Exercise goal:
Return the data below exactly, please, but drop the pictures.

Data extract:
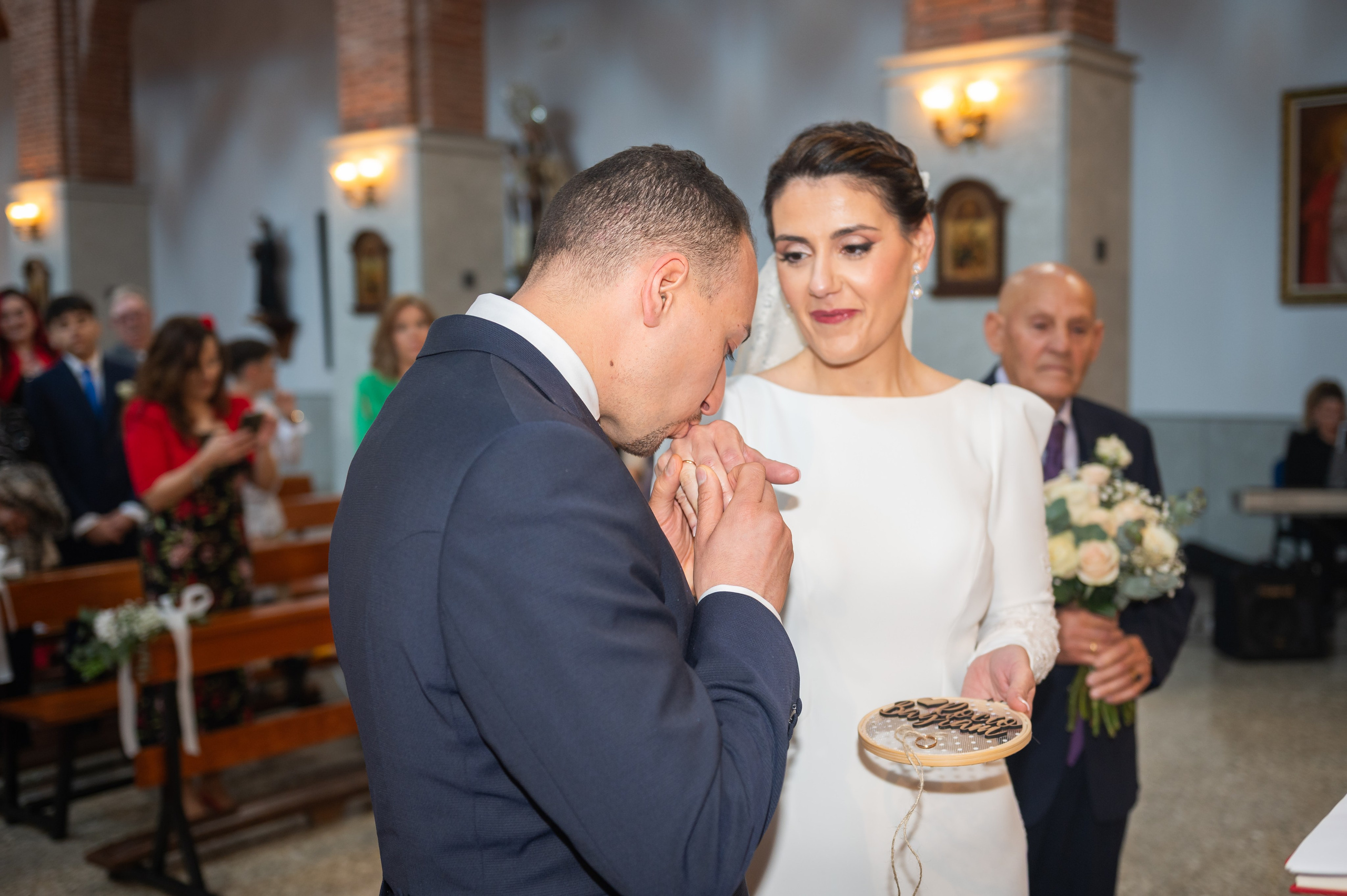 Boda de Bayram y Rocío · Iglesia Zarandona, Murcia · Javier Poveda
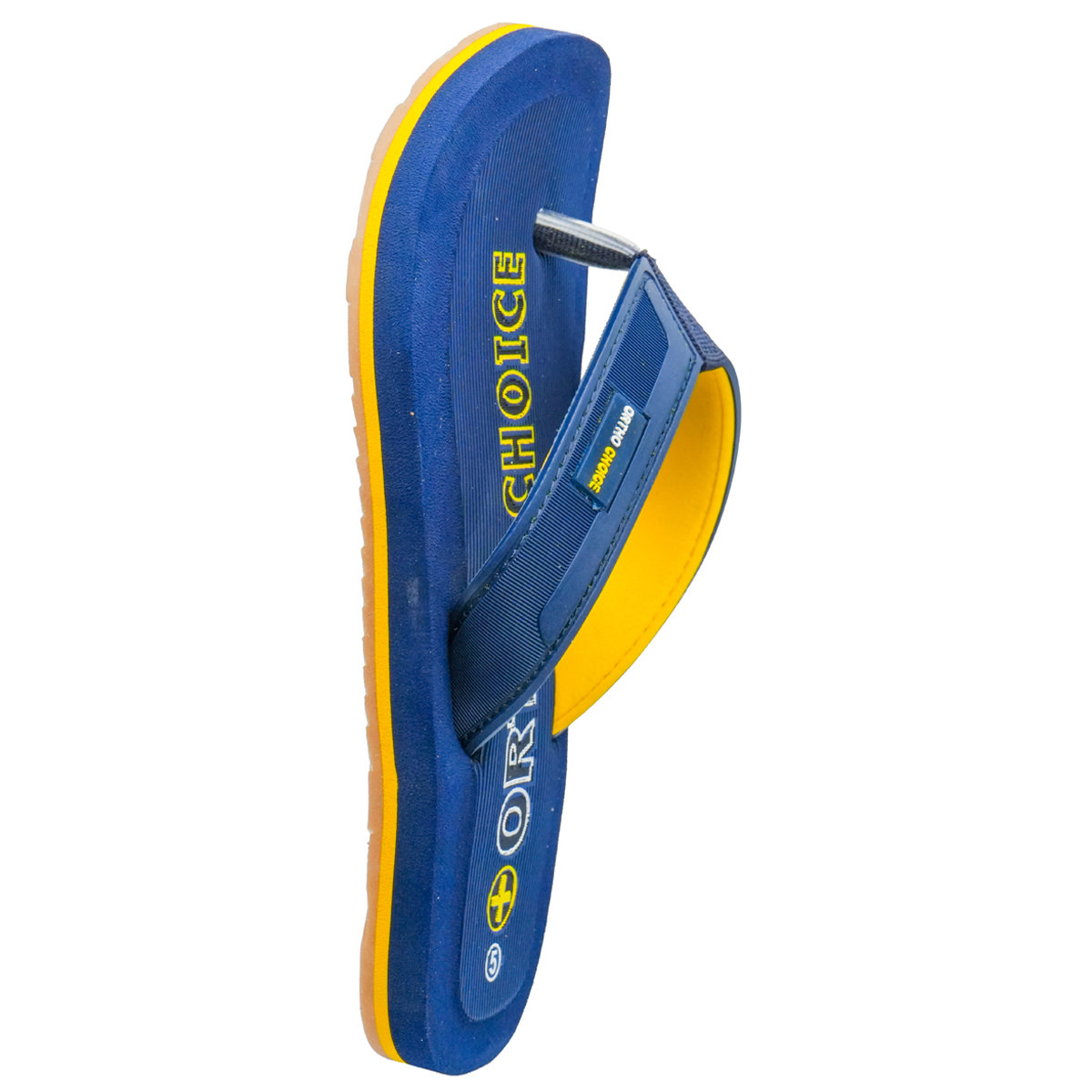 Apollo Pharmacy Orthochoice Men Health Slippers Size 5, 1 Pair, Pack of 1 Apollo Pharmacy Orthochoice Men Health Slippers Size 5, 1 Pair, Pack of 1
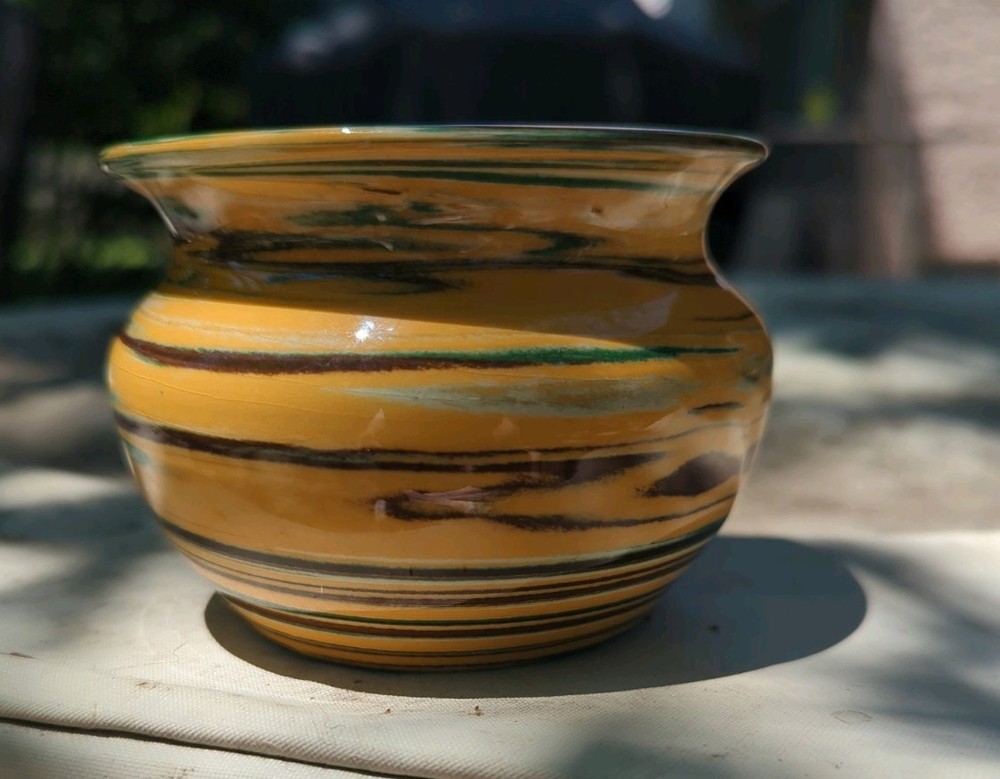 Desert Sands Pottery Small Art Trinket Vase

Response:
 Boda de Bayram y Rocío · Iglesia Zarandona, Murcia · Javier Poveda
 Apollo Pharmacy Orthochoice Men Health Slippers Size 5, 1 Pair, Pack of 1 Apollo Pharmacy Orthochoice Men Health Slippers Size 5, 1 Pair, Pack of 1
 Desert Sands Pottery Small Art Trinket Vase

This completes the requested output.